The Child and Youth Care professional then comes onto the scene and may either change the assessment or manoeuvre around the stated terms of the contract so as to provide the intervention that is needed. This approach to case management often, in my experience, results in a great deal of time and energy being wasted, rather than engaging in an efficient and effective process.

I would suggest that every Child and Youth Care professional should work toward sharing the responsibility for assessment and goal setting with the social worker, since the Child and Youth Care worker can provide a perspective which is rooted in day-today observations of the child, youth and family. We have the time.

Improve skills
Another suggestion is that those Child and Youth Care workers who don’t feel confident about conducting an assessment and/or creating a case management plan, should move to improve their skills in these areas. If you are one of these people, then ask your employer and/or your regional association executive to bring in someone to conduct professional training in these areas and ensure follow-up through on-the-job case supervision.

For those who think that they are capable of handling an assessment and case plan development, my suggestion would be that you sit down with other workers in your agency and create a blueprint for assessments and case management.
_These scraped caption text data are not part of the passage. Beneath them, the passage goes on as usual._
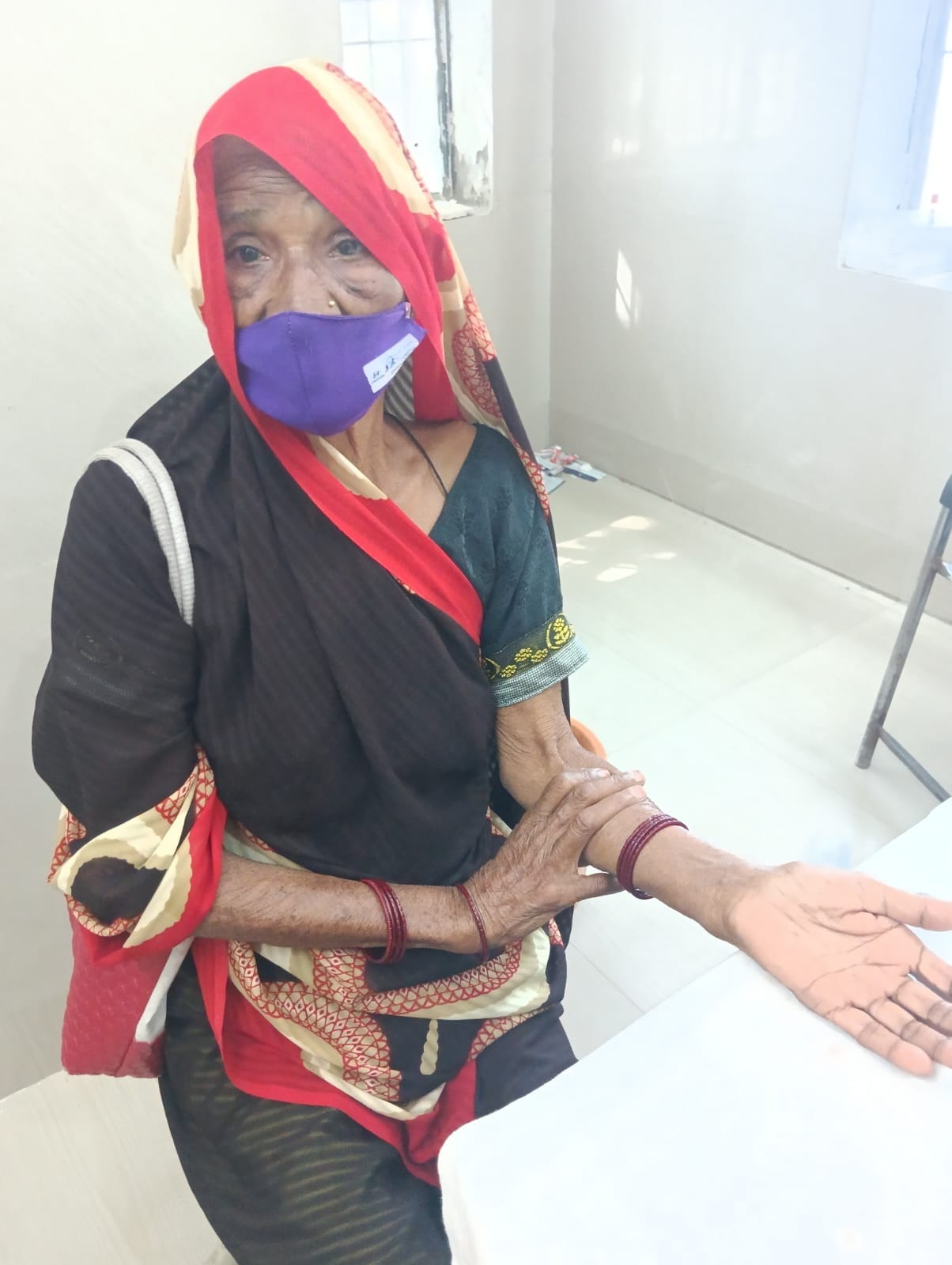 रेनू तिवारी । रेनू तिवारी ।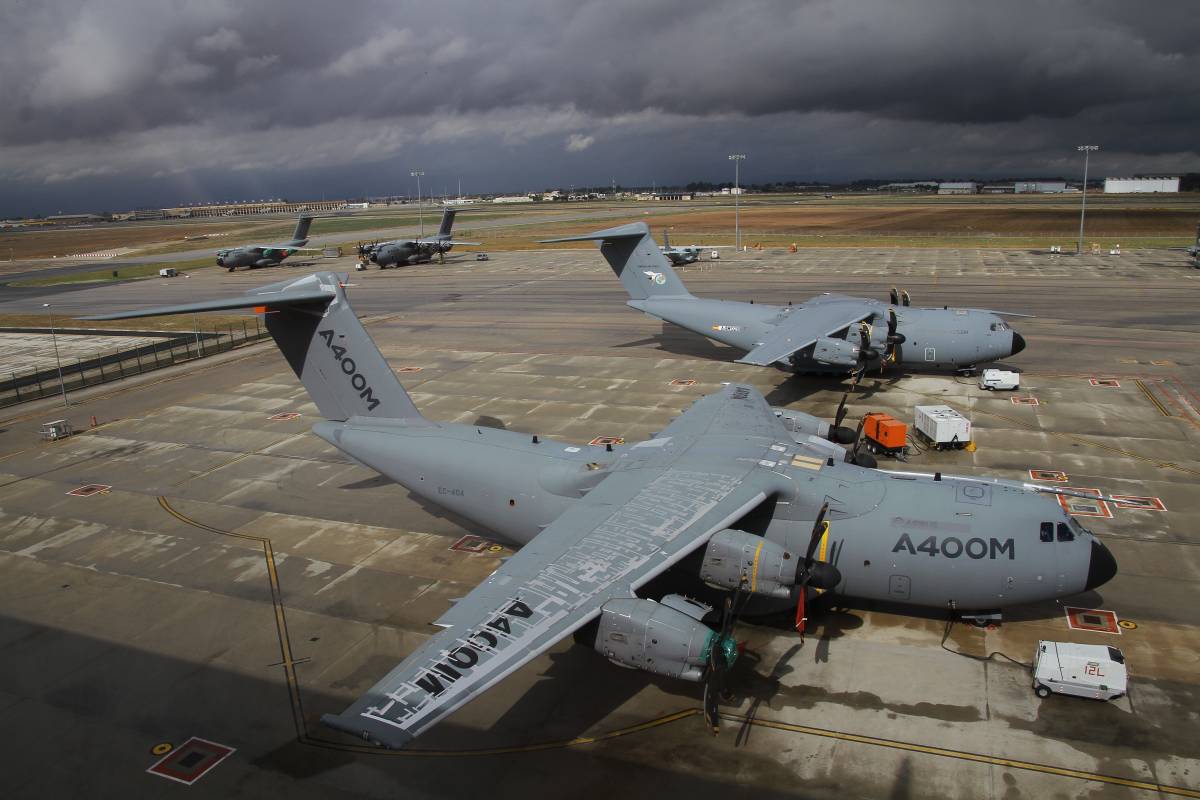 En primer plano podemos ver uno de los cinco prototipos del A400M, y a su lado el que será el tercer avión de este tipo para la Fuerza Aérea de Turquía. Julio Maíz Sanz. En primer plano podemos ver uno de los cinco prototipos del A400M, y a su lado el que será el tercer avión de este tipo para la Fuerza Aérea de Turquía. Julio Maíz Sanz.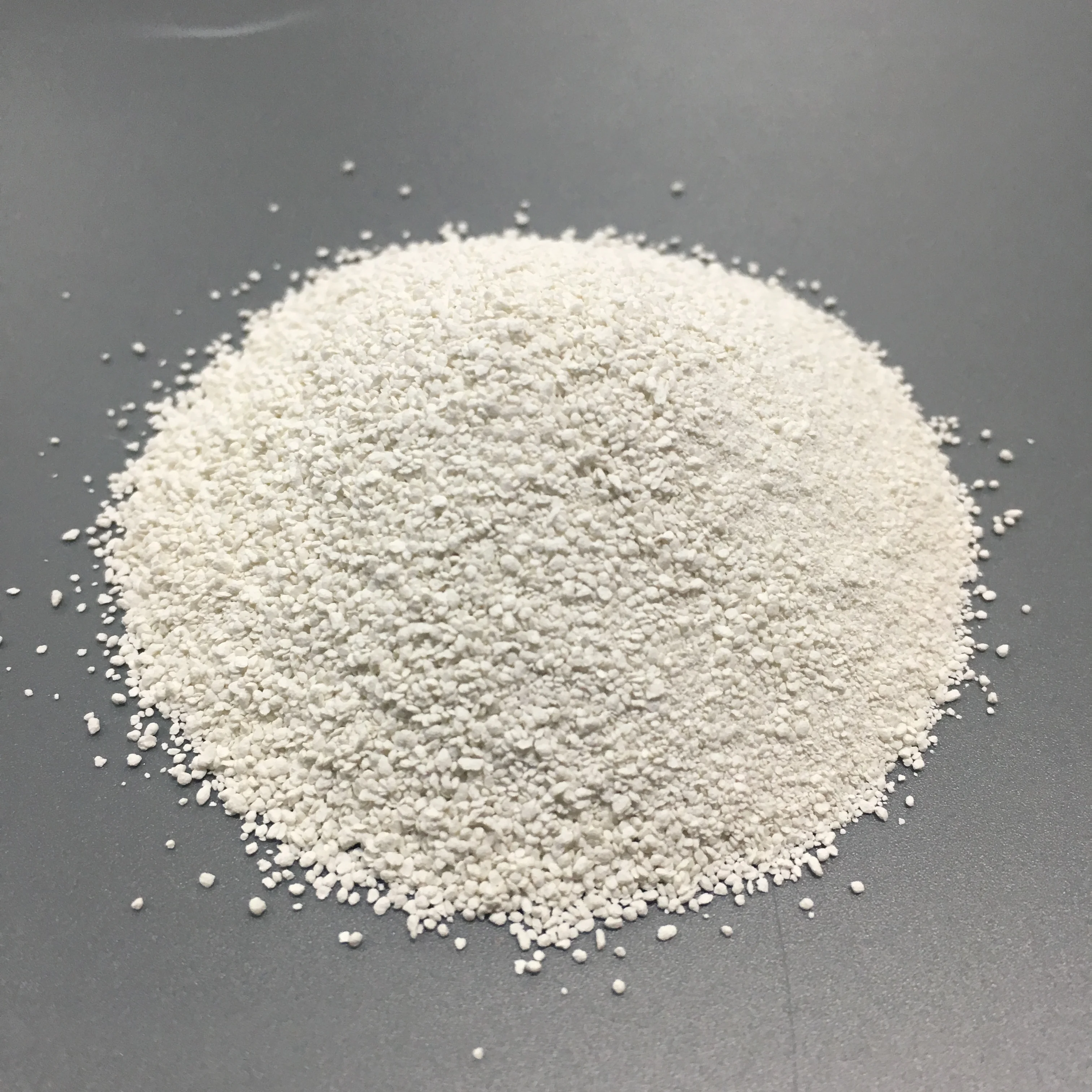 
Calcium hypochlorite 70% 65% bleaching powder for water treatment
In my experience, many social workers are run off their feet and would appreciate the opportunity to be partners with someone who is in regular contact with the client.

Working for change
Complaining that we don’t have input will only create bad feelings and a general lack of communication. When this happens, then the pattern of communication follows the hierarchy of power, resulting in those of us near the bottom, the clients and the caregivers, being seen but not heard. Changing this pattern is the responsibility of all of us. Does Child and Youth Care lack a clearly articulated philosophical base? When I was talking to a number of different persons involved in the practice of Child and Youth Care, the one theme that kept coming up was the general inability of Child and Youth Care professionals to put into words, in a convincing manner, what they are trying to do and the reasons behind these ideas. What I love about conferences more than anything else is listening to Child and Youth Care workers talk about their work; how they come to find the strength and power in being able to reach that one kid that nobody else could. But in reaching that kid, is the worker then able to tell others about the process of connecting with another person? And is being able to tell others about the work really as important as the work itself? We would all like to hear from others regarding this question. This question is an important one for professional associations, because there must be some value given to talking about the work, in addition to the actual work with kids.

Supervision
Out of our past as custodial workers in large institutions, there remains an attitude that as child care workers, need to be directed and heavily supervised ... in the technical sense of these words. In the state where I work, many professionals receive far too little supervision, and most of what there is, is inadequate.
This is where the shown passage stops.